The Thin Red Line
To those born in Western Europe in the 1970s, war is purely a matter of the mind: it’s memory created by stories told by our grandparents, or the images of Israeli tracers seen on the news. It’s the trenches, parodied in Italian comedies, or the battlefield, depicted as ice-cold lines in genre cinema. It’s something that is far away, as though society had taken on the duty of shielding its youths – or at least that’s how I felt, many years later, while thinking about the experiences of my contemporaries on the other side of the Adriatic. Cinema, more so than television, tried to bring war within the viewing horizon of audiences in the West, and did so for political and technological reasons. The two opposing fronts, a genre staple, enhanced the Manichaeism of classical Hollywood filmmaking, providing a superior rationale for the moral distinction between good and evil. While the Western genre had to rethink its idea of the enemy, war films, with a few notable exceptions, had no such problem: the enemy stayed the same. Then again, the rifle, in its reduction of the field of vision to a single object/target, is very similar to a camera lens; the enemy who, unlike in a duel, has no discernible face nor position, is an ideal dramatic subject, in that it presupposes suspense and feeds it with added ideological value. And though it represents all this, Terrence Malick’s The Thin Red Line (1998) does something different.

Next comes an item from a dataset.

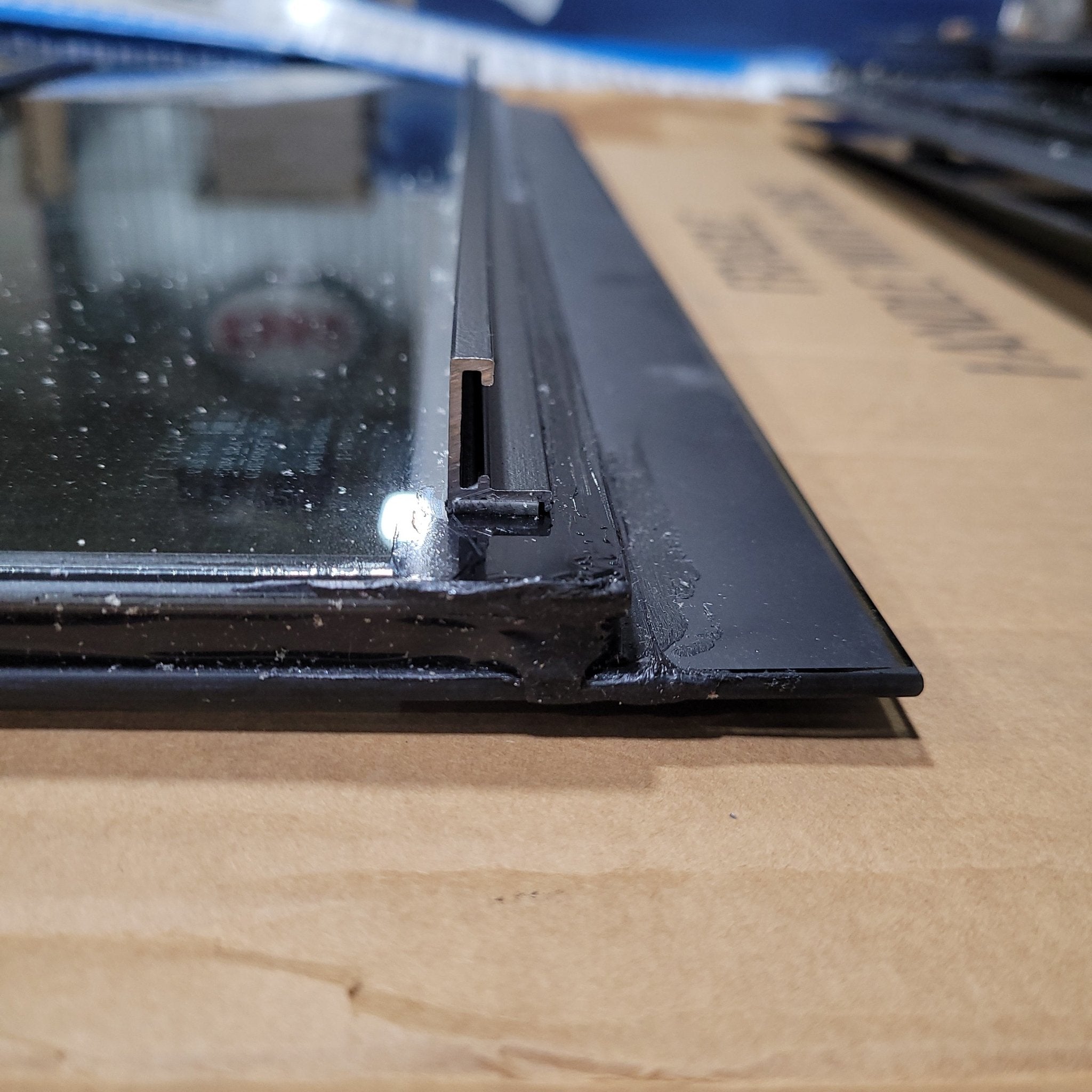 Used Black Radius Frameless Opening Window : 24 1/2" X 10 1/2" X 1/2" D - Young Farts RV Parts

It tackles war not as a dramatic event, but an existential one. War films ponder on how a normal citizen can become a soldier, whereas Malick is not interested in this change: his film strives to find the man within the soldier, even under the most tragic circumstances. He exposes people’s thoughts, introduces their fears and desires, however banal or tedious they may be. While Steven Spielberg’s Saving Private Ryan (1998) plunges into mimesis, recreating the D-Day beach and putting us next to the fallen soldiers, Malick is not less immersive, but still maintains a firm distance between the viewer and the soldier.

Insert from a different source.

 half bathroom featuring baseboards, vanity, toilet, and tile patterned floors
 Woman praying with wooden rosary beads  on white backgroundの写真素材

Devising an ensemble story adds weight to the project. Malick toys with the plurality of viewpoints, and with an intuition that is as simple as it its brilliant (and which he applies to the extreme in subsequent films) voiceover becomes an editing tool. It is the speed of thought that takes the image from one side of the Ocean to another. To a soldier dealing with stress, home is just as present in the grass where he is hiding. The fleeting beauty of certain shots, like the one of the green plains combed by a ray of sunlight as though it were a sweet wind, take on a unique value in such a context.
By walking through the door the film had opened, I encountered not just the other works Malick had made before (and I found in Badlands (1973) a taste for escape that feels like one of many repressed pushes in The Thin Red Line), but also a straight line of films that use war as a pretext to talk about coming together. On a small screen, I saw King Vidors The Big Parade (1925), a film that serves as a sibling to Malick’s, and is perhaps even more humane and bold. The enemy is once again invisible and terrible, like all unknown things, until it suddenly reveals itself as the most fragile of human beings. The major difference is that King Vidor sees war as an encounter not only in the philosophical sense of discovering the other, but also, more prosaically, as romance. Conversely, The Thin Red Line is a film about solitudes, where even nature is far removed from man and his delirious project. Malick’s characters are pilgrim monks, who travel through space and time (within their lifetime) in absolute independence. This is a deliberate contradiction, as they’re part of an organised army.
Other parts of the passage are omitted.